* _TASK TO CARRY OUT_
The following data has a line with "La Casa Di Aurora" and a line with "Arsa Homestay & Spa Убуд Экстерьер фото". Write out exactly those lines and all the lines between them.

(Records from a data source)
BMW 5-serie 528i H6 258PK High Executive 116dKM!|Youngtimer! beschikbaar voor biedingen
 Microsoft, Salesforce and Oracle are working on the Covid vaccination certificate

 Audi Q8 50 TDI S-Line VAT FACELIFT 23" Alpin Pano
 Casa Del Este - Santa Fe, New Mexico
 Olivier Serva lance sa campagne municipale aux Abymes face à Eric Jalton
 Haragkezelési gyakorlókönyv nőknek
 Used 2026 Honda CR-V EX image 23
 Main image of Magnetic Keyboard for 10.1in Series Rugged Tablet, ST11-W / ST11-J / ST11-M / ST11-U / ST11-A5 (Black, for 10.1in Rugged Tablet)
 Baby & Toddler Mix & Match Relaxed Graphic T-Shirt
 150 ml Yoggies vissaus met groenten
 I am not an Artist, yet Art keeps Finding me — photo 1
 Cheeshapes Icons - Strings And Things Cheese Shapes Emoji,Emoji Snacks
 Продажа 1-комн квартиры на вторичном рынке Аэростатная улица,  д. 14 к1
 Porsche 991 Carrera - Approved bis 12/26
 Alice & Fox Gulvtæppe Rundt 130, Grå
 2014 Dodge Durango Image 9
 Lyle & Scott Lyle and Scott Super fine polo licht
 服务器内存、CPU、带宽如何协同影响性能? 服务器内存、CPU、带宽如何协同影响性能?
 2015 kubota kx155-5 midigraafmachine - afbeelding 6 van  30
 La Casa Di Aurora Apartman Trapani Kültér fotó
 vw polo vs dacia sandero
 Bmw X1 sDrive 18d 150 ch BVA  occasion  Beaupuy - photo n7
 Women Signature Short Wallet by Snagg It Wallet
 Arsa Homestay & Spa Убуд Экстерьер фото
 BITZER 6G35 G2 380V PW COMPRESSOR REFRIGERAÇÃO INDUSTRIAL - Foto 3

* _TASK RESULT_
 La Casa Di Aurora Apartman Trapani Kültér fotó
 vw polo vs dacia sandero
 Bmw X1 sDrive 18d 150 ch BVA  occasion  Beaupuy - photo n7
 Women Signature Short Wallet by Snagg It Wallet
 Arsa Homestay & Spa Убуд Экстерьер фото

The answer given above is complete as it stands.